A. Technical Field
The present invention relates generally to the field of optics and more particularly to a system and method for alignment of optical components.
B. Background of the Invention
The importance of aligning optical components within an optical path is well known. An optical path may include various components such as an optical transmitter, fiber optic cable and an optical receiver or detector. The optical transmitter generates and transmits an optical signal using a light source, such as a laser, and corresponding control circuitry. This light source may take the form of a light emitting diode, solid-state laser diode, or other type of light source to generate the optical signal.
The optical transmitter is coupled to optical fiber in which the optical signal propagates. The optical fiber consists of one or more glass fibers, which act as wave-guides for the optical signal.

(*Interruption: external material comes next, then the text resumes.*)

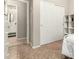 Bedroom with double closet doors, tiled flooring, and view of an ensuite bathroom at 6219 S 30Th Dr, Phoenix, AZ 85041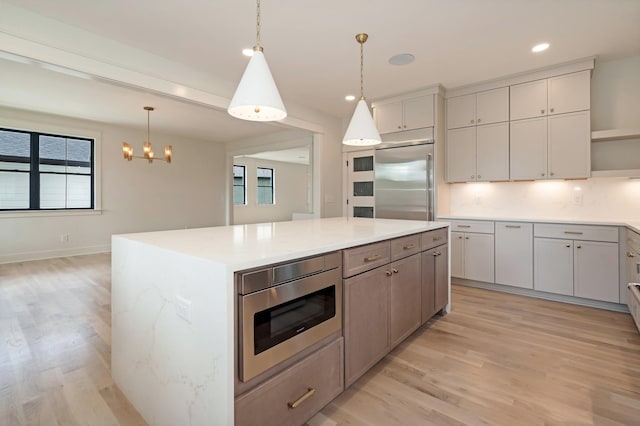 kitchen with open shelves, built in appliances, light wood-style flooring, hanging light fixtures, and a kitchen island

The optical fiber needs to be appropriately aligned or placed in very close proximity to the light-emitting region of the source in order to couple as much light as possible into the fiber. Typically, an optical subassembly or lens barrel is used to couple a light source to a fiber optic cable.

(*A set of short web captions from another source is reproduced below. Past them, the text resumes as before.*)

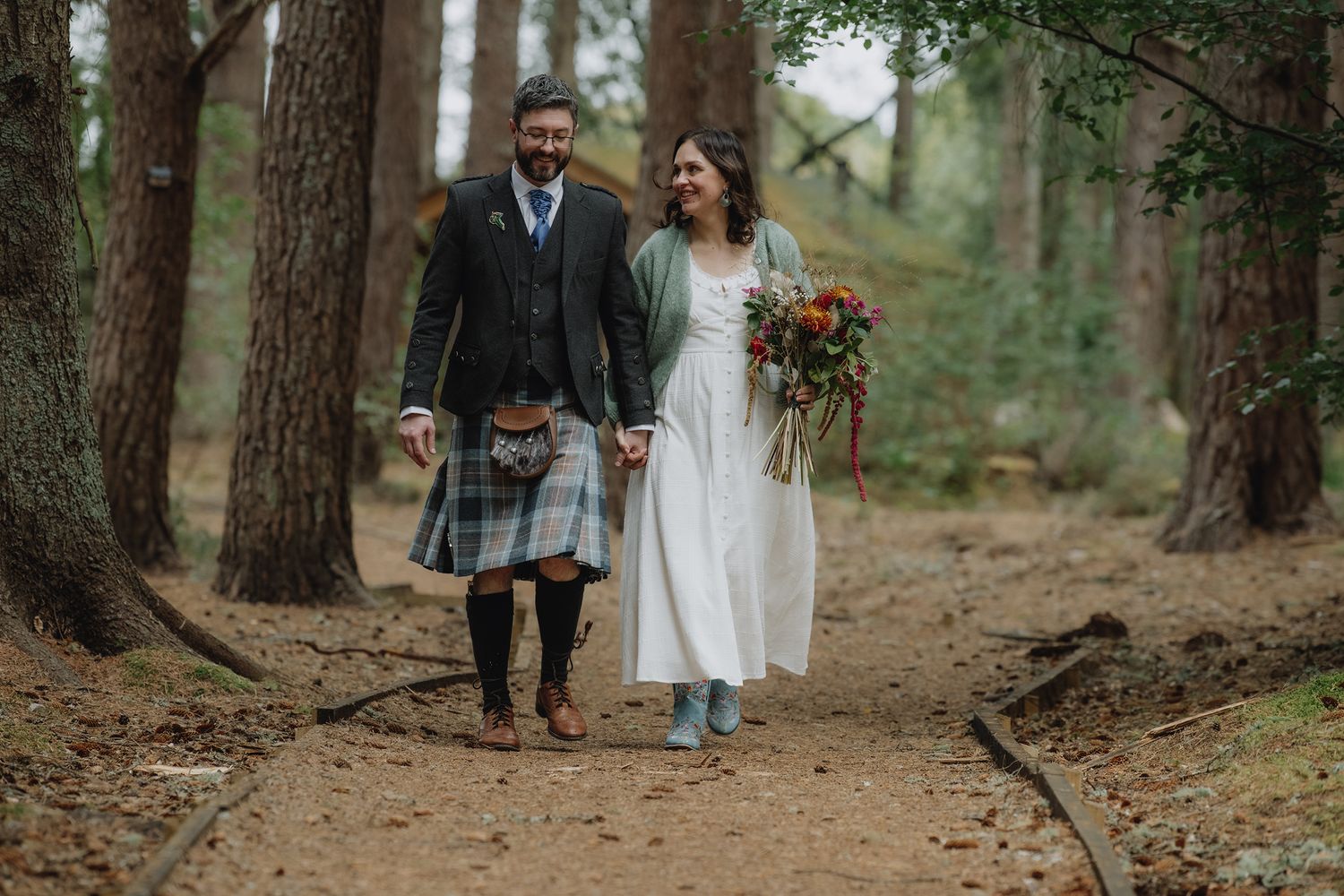 A bride and groom walk through a woodland forest, bride holding a colorful autumn bouquet.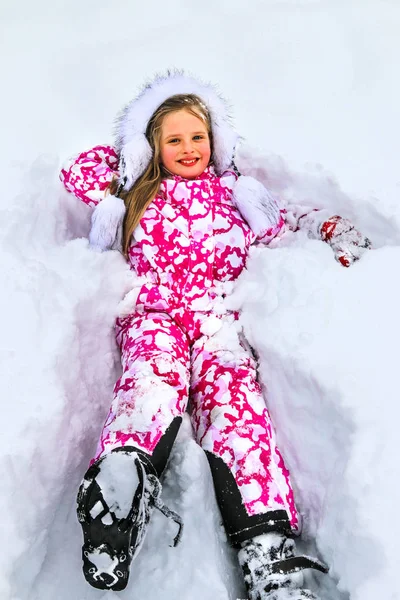 A criança, uma menina deitada na neve e rindo . — Fotografia de Stock
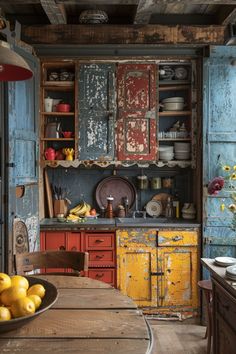 an old fashioned kitchen with blue cabinets and yellow lemons in the bowl on the table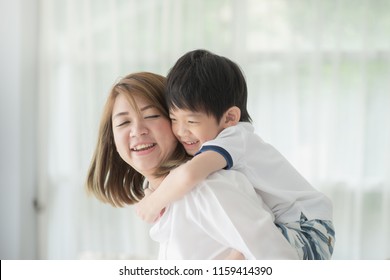 Asian Child On A Piggy Back Ride With His Mother At Home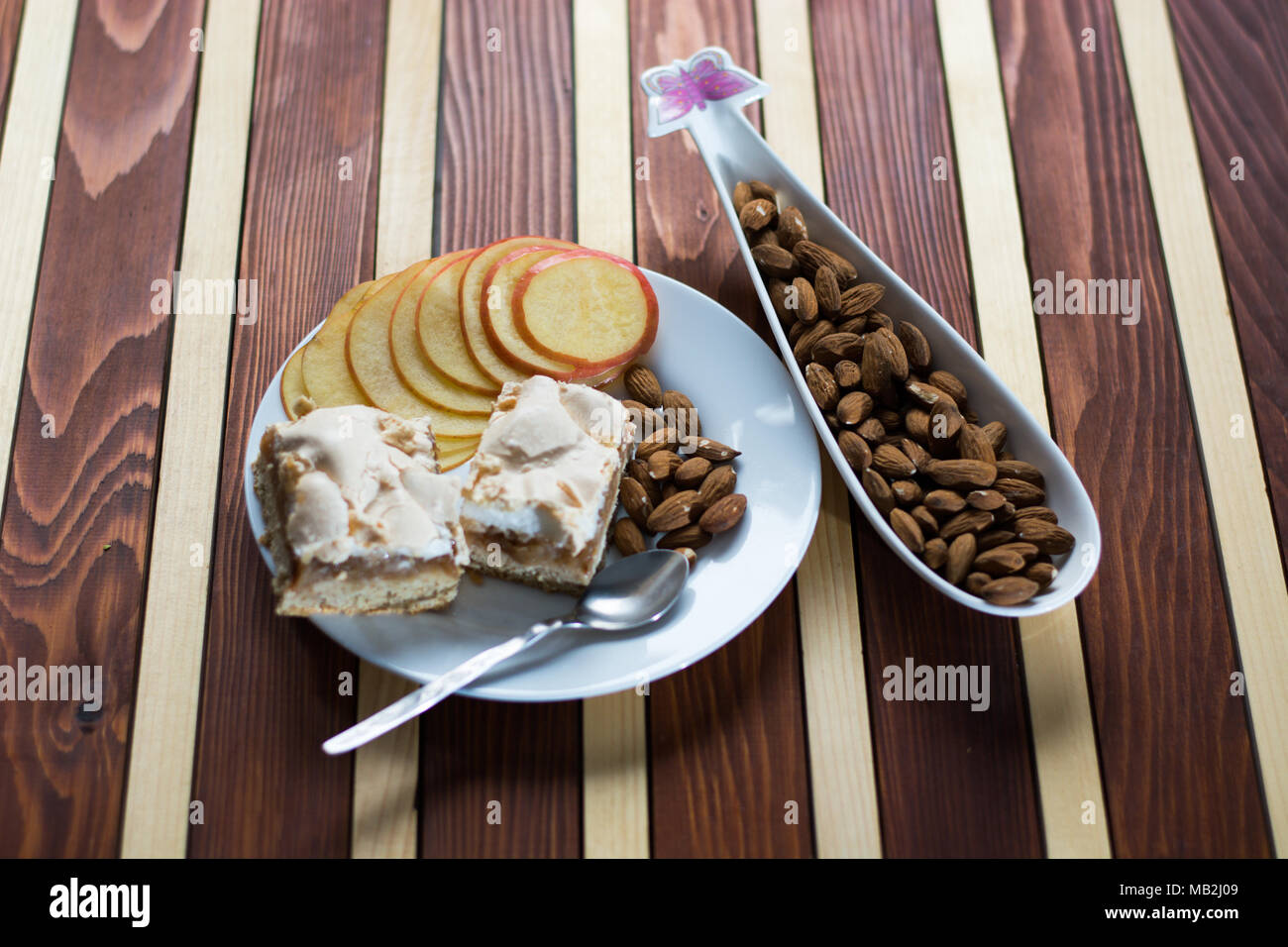 Square shape sliced omemade apple pie with kumquats and almonds on wooden background Stock Photo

Light sources may be aligned to two different types of optical fiber, which are classified as single-mode fibers and multi-mode fibers. Single-mode fiber is designed with a relatively narrow core diameter, through which only one mode of light propagates. Multi-mode fiber carries numerous modes or light rays simultaneously. Accordingly, this fiber type has a much larger core diameter, allowing for the larger number of modes. The lower order modes, having small propagation angles, strike at or near the center of the fiber, and tend to travel straight down the fiber. On the other hand, higher modes, which do not propagate in the center of the fiber, travel a longer optical path length and thus appear have comparatively low speed of propagation. This is known in the industry as modal dispersion in an optical fiber.
The optical receiver or the detector receives the optical signal from the optical fiber and converts the optical signal back into the original electrical signal. This detector may be mounted in an optical subassembly, similar to the one used for the transmitting optical subassembly, which couples to an optical fiber. Detectors usually have a preferred detecting region and power range that can vary according to the type of detector used.
An optical power may be measured that represents an intensity of light provided by a light source and/or optical fiber at an optical detector. It is desirable to provide the optical signal within a desired power range that is optimal for the particular detector. Optical detectors typically have a pre-defined power range in which the optical detection may be accurately performed. If the power level should drop out of this range, then the detector's performance will likely suffer. Furthermore, optical detectors may be sensitive to the location in which an optical signal strikes the detector. Depending on the characteristics of the fiber (including the type of fiber) and the coupling between the light source and the fiber, an optical signal may be received at various physical locations on a detector.
Encircled flux describes the power encircled within a circular radius inside the optical fiber and denotes the laser flux energy that is coupled into the fiber. Encircled flux is obtained from the near-field intensity pattern produced by a laser source in a graded-index multimode fiber. As the coupling between a light source and a fiber changes, the flux within a circular radius inside the optical fiber may change significantly. Furthermore, a change in coupling or fiber characteristics may result in a change to a corresponding encircled flux value without necessarily changing the effective coupling power.
In current alignment systems, encircled flux is not simultaneously monitored with effective coupling power. Typically, an alignment is performed relative to effective coupling power. After the power alignment is complete, the light source and coupled fiber may be analyzed to relative to encircled flux using a completely different physical measurement on the previously power-aligned light source and coupled fiber.